Records shown

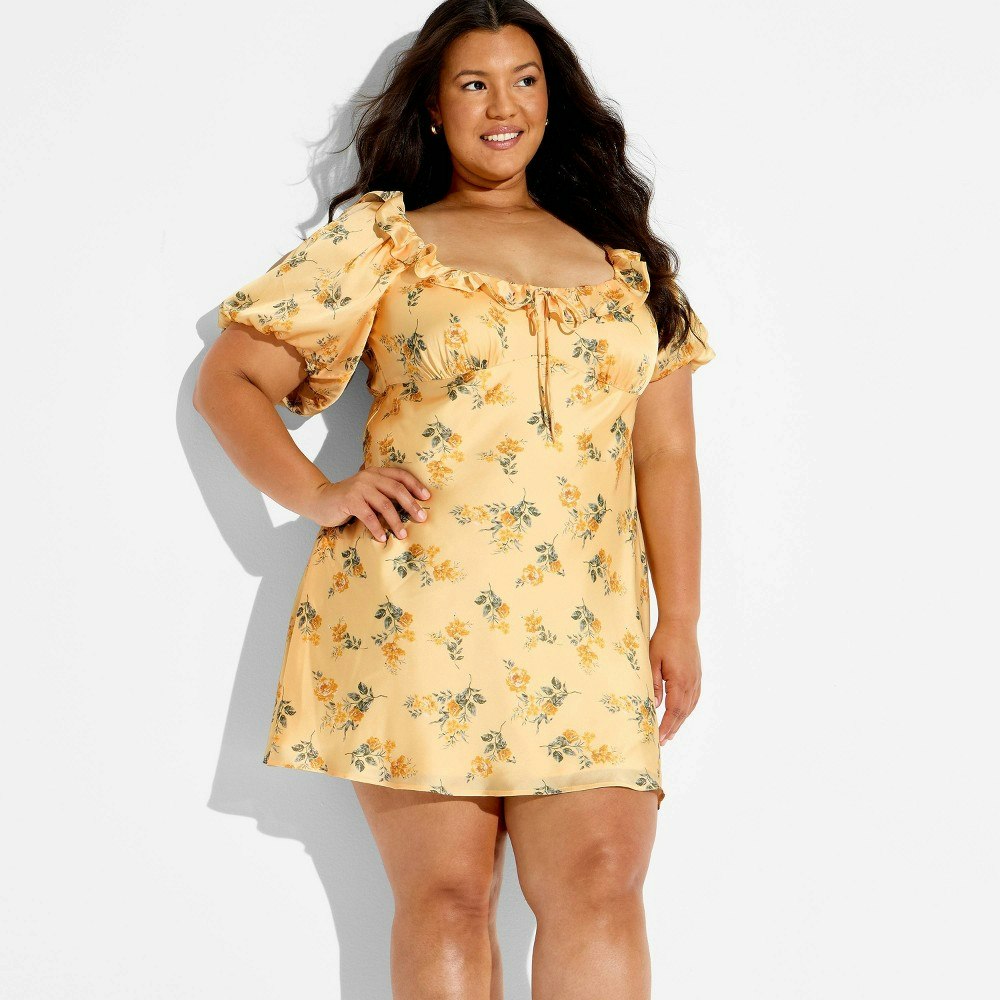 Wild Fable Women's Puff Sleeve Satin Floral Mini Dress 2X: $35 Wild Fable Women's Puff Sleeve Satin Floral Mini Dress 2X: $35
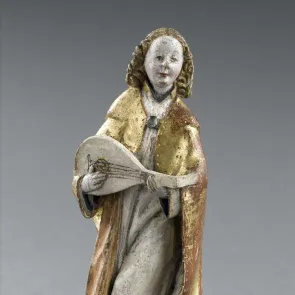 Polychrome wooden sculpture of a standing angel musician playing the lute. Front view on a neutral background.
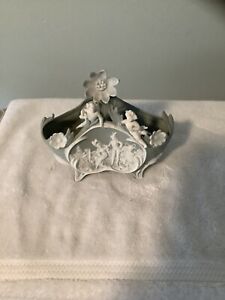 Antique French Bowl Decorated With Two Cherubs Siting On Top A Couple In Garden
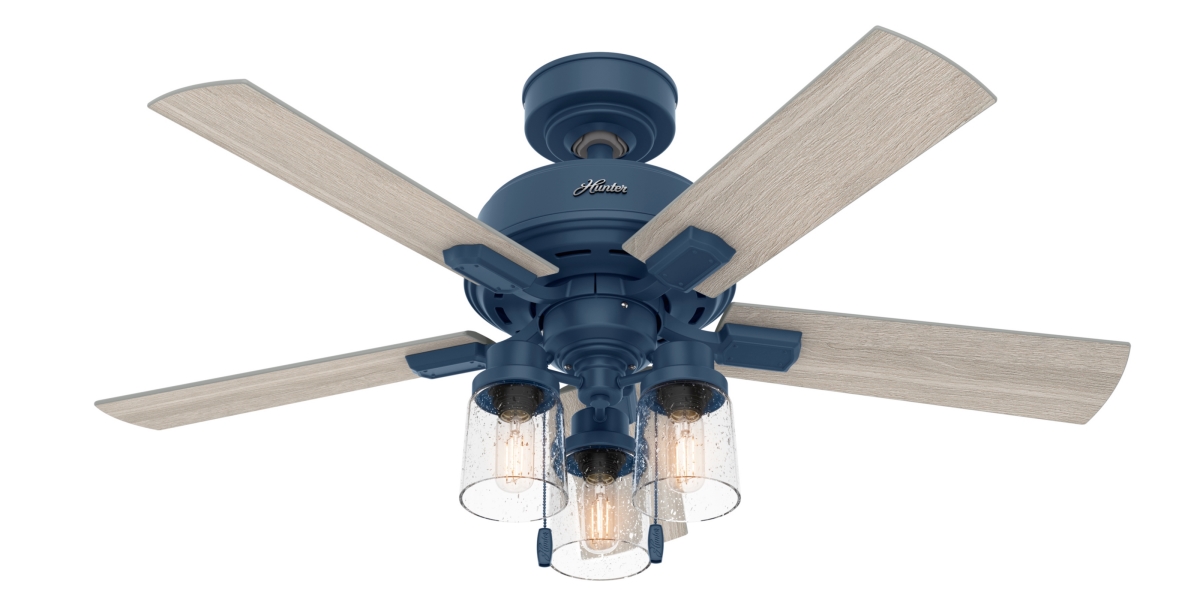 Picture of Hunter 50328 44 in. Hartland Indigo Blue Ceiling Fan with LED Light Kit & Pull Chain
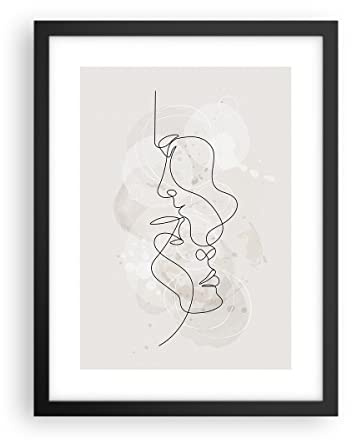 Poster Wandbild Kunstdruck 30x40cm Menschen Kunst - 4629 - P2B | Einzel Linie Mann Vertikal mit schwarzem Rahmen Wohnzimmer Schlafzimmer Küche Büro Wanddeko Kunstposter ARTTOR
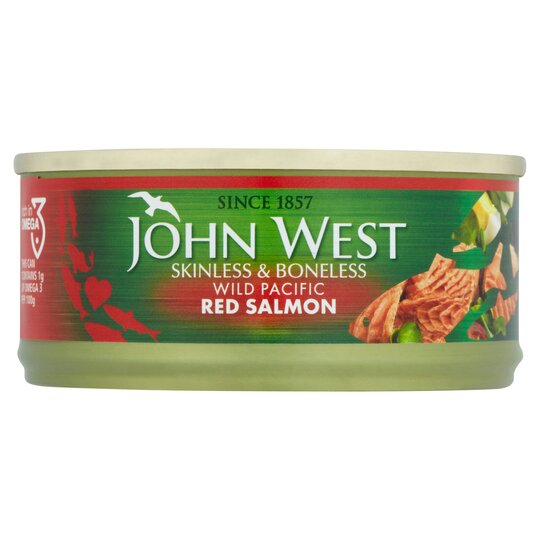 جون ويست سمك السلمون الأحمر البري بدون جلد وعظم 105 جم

Work to complete
Reproduce each line above precisely, with no pictures.

Response to the exercise
 Wild Fable Women's Puff Sleeve Satin Floral Mini Dress 2X: $35 Wild Fable Women's Puff Sleeve Satin Floral Mini Dress 2X: $35
 Polychrome wooden sculpture of a standing angel musician playing the lute. Front view on a neutral background.
 Antique French Bowl Decorated With Two Cherubs Siting On Top A Couple In Garden
 Picture of Hunter 50328 44 in. Hartland Indigo Blue Ceiling Fan with LED Light Kit & Pull Chain
 Poster Wandbild Kunstdruck 30x40cm Menschen Kunst - 4629 - P2B | Einzel Linie Mann Vertikal mit schwarzem Rahmen Wohnzimmer Schlafzimmer Küche Büro Wanddeko Kunstposter ARTTOR
 جون ويست سمك السلمون الأحمر البري بدون جلد وعظم 105 جم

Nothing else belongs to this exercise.